Gray’s campaign targeted public housing residents … Arlington approves infrastructure improvements … Congress considers allowing commuter tax [News, 7.23.12]

POLITICS | In the latest revelation from Mayor Vincent Gray’s 2010 election campaign, it looks like campaign workers used a database of public housing residents to target their get-out-the-vote efforts.  (WaPo, 7/23).  “Housing lawyers consulted by The Post said the use of such a list by a political campaign could violate a variety of laws and regulations, both federal and local, starting with the prohibition against using government resources for political purposes.”

INFRASTRUCTURE | Arlington County okays a $2.45 billion capital improvement plan, as well as a $438 million capital school improvement plan. (Ballston Patch, 7/22)

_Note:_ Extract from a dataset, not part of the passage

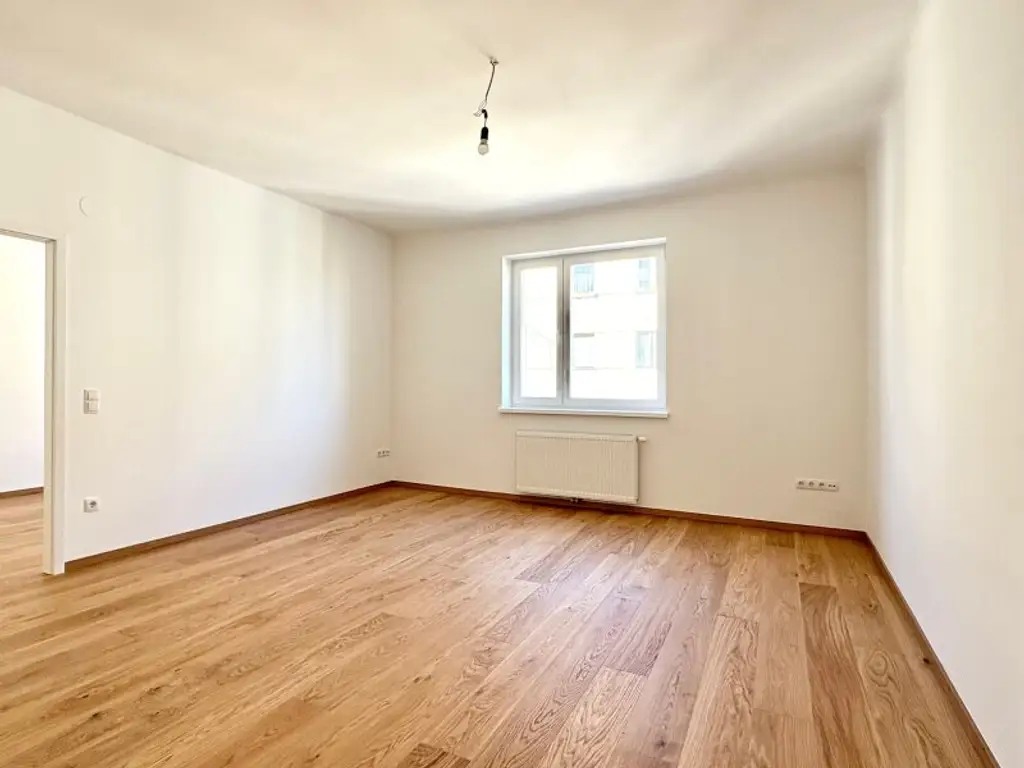 WUNDERSCHÖN SANIERTE WOHNUNG DIREKT AM AUGARTEN - ANKOMMEN UND WOHLFÜHLEN!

REGIONALISM | Rep. Darryl Issa (R-CA) proposes revisiting the idea of allowing D.C. to impose a commuter tax. On one hand, the unique restriction (no other district in the U.S. is barred from imposing such a tax) really hammers D.C.’s tax base. Allowing such a tax would increase D.C.’s ability to fund its infrastructure. On the other hand, governments in Maryland and Virginia are opposed, concerned about the impact this could have on their own tax bases. What do you think? What are the implications for thinking and working more regionally when jurisdictions are fighting over who gets to tax whom? (WaPo, 7/23)

CHILDREN, YOUTH, AND FAMILIES | In the summer, how do kids on free or reduced lunch plans get their lunches? DC Libraries are providing educational programs with free lunch, part of a citywide program to provide free lunches to kids during the summer. (WaPo, 7/23) “The Food Research and Action Center ranks the District as the top jurisdiction in the country for serving summer meals to low income children, with the city reaching 73.5 percent of those eligible for such meals.”

EDUCATION | Here’s David Alpert’s last installment on his series about the DC educational system: Can a diverse and high quality school last? (GGW, 7/19) I went to Montgomery Blair High School (go Blazers!), so I think the answer is yes. But I know that finding ways to truly integrate communities, including in student bodies, can be complicated.

HIV/AIDS | Ahead of the International AIDS Conference, more than 1,000 people marched through downtown D.C. on Sunday.(WaPo, 7/22) You can go here to see more about the conference.  WRAG’s Washington AIDS Partnership will be presenting a session on Wednesday. And tonight Arena Stage will be presenting a special performance of The Normal Heart to benefit the Partnership.


As Christian mentioned last week, I am doing the Daily while Christian and Rebekah are away at a conference. To console you, check out this bioengineered jellyfish made out of cells from a rat’s heart!